AWS Big Data Blog
Accelerate your data warehouse migration to Amazon Redshift – Part 7
Tens of thousands of customers use Amazon Redshift to gain business insights from their data. With Amazon Redshift, you can use standard SQL to query data across your data warehouse, operational data stores, and data lake. You can also integrate other AWS services such as Amazon EMR, Amazon Athena, Amazon SageMaker, AWS Glue, AWS Lake Formation, and Amazon Kinesis to use all the analytic capabilities in AWS.
Migrating a data warehouse can be complex. You have to migrate terabytes or petabytes of data from your legacy system while not disrupting your production workload. You also need to ensure that the new target data warehouse is consistent with upstream data changes so that business reporting can continue uninterrupted when you cut over to the new platform.

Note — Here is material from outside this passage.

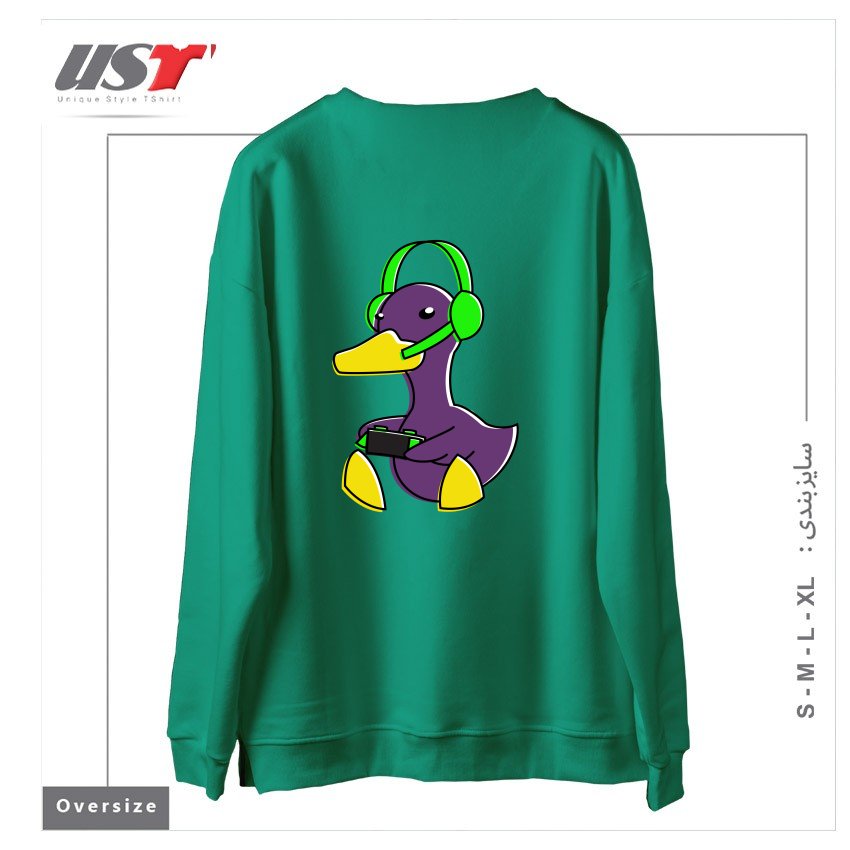طرح META GAMING DUCK سوییشرت اورسایزرنگ سبز سدری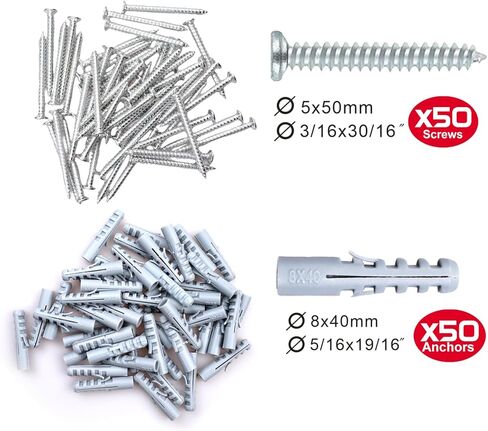 100-Piece 8# Drywall Anchors and Screws Combo Pack - Includes 50 Screws and 50 Plastic Wall Anchors for Sturdy Installation - Heavy Duty Screws and Anchors for Home Improvement in Kuwait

Previously, there were two main strategies to maintain data consistency after the initial bulk load during a migration to Amazon Redshift. You could identify the changed rows, perhaps using a filter on update timestamps, or you could modify your extract, transform, and load (ETL) process to write to both the source and target databases. Both of these options require manual effort to implement and increase the cost and risk of the migration project.

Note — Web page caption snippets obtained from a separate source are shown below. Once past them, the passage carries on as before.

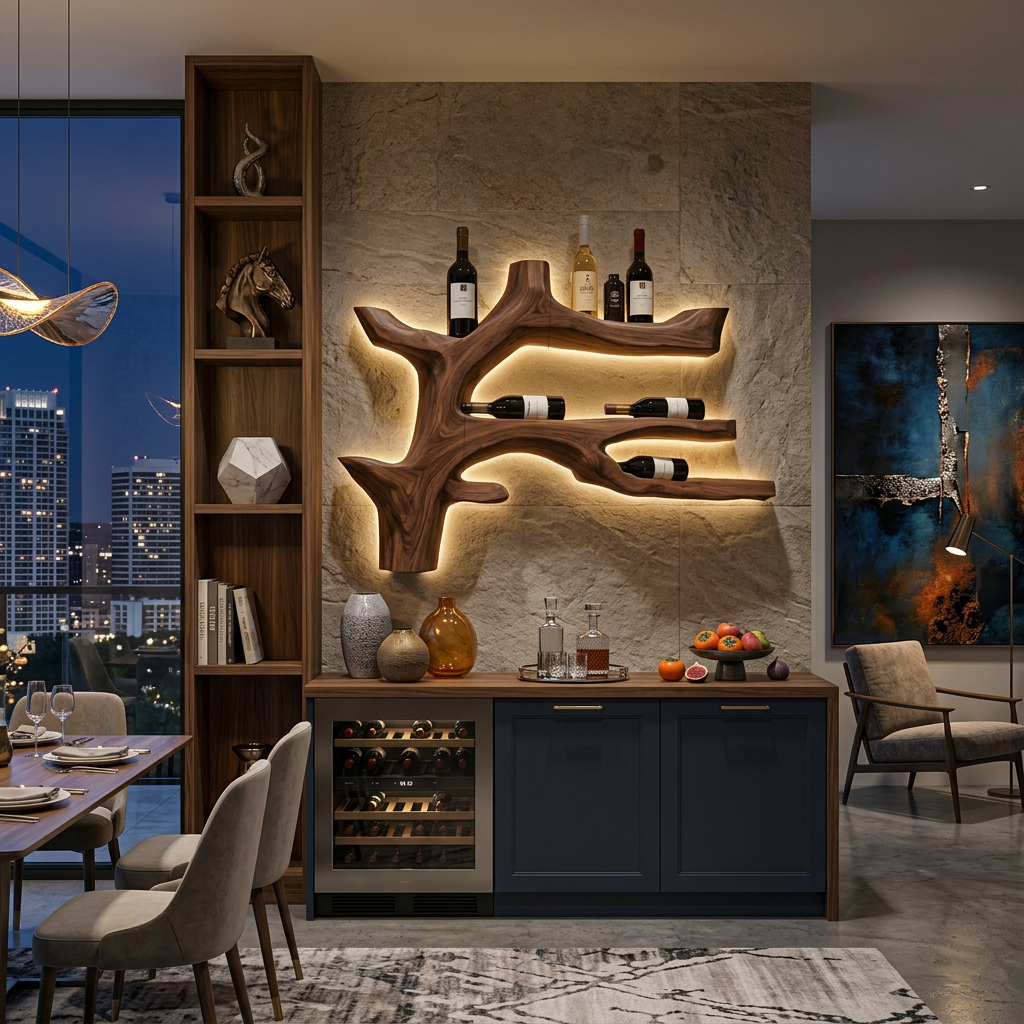 Modern Branch Wine Bottle Holder Wall Mount For Dining Wall Decor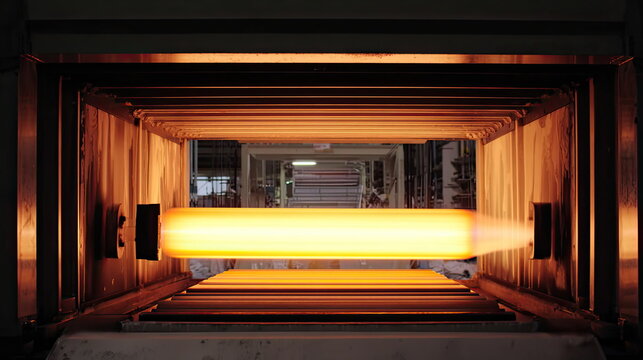 Molten steel billet glowing orange red as it moves through a high temperature industrial furnace on rollers, undergoing heat treatment inside a heavy manufacturing plant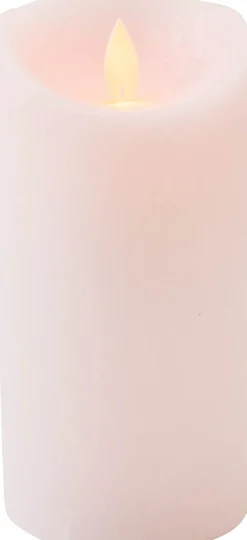 Clearance LED Kerze 'Rustik' mit Timer D 7,5 H 15 cm rosa Led Kerzen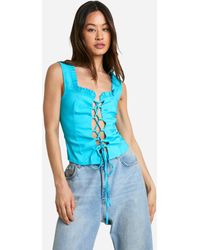 Boohoo - Tall Bengaline Seam Detail Lace Up Top - Lyst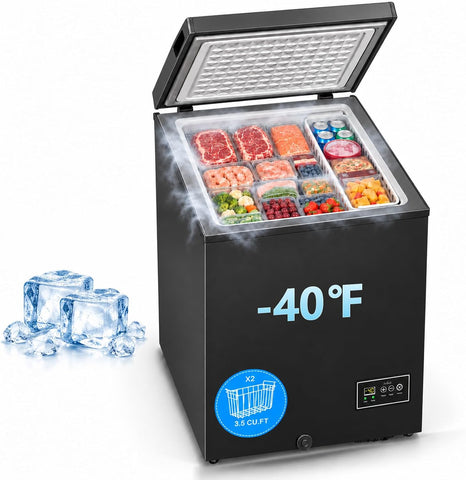 COWSAR Chest Freezer 10.0 Cubic Feet Freezer with 3 Removable Baskets, Free Standing Top Open Door Deep Freezer, 7-Level Adjustable Temperature, Compact, Front Drain for Home Dorm, White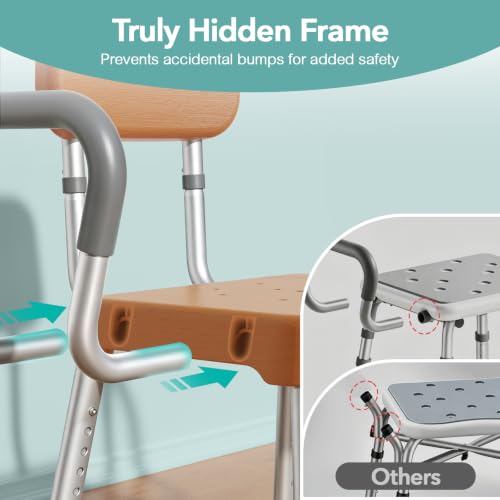 HOMENURSE Shower Chair for Inside Shower, 400 lbs, Wider Seat, Lightweight | 9-Level Height Adjustment, 2.55" Wider Suction Cups, Non-Slip, Tool-Free Conversion, for Seniors Disabled and Recovery - color: Brown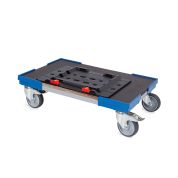 Transportroller metaBOX S - 400x300 - Gummiräder 2 Bremsrollen und 2 Lenkrollen - Blau - Gebinde-Karton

AWS Schema Conversion Tool (AWS SCT) could help you with initial bulk load from Azure Synapse Analytics, BigQuery, Greenplum Database, IBM Netezza, Microsoft SQL Server, Oracle, Snowflake, Teradata and Vertica. Now, we’re happy to share that AWS SCT has automated maintaining data consistency for you. If you’re migrating from an IBM Netezza data warehouse to Amazon Redshift, the AWS SCT data extractors will automatically capture changes from the source and apply them on the target. You configure a change data capture (CDC) migration task in AWS SCT, and it will extract the relevant data changes from IBM Netezza and apply them in a transactionally consistent order on Amazon Redshift. You need to configure the needed resources on IBM Netezza and start the data migration—the source database remains fully operational during the migration and replication.
In this post, we describe at a high-level how CDC tasks work in AWS SCT. Then we deep dive into an example of how to configure, start, and manage a CDC migration task. We look briefly at performance and how you can tune a CDC migration, and then conclude with some information about how you can get started on your own migration.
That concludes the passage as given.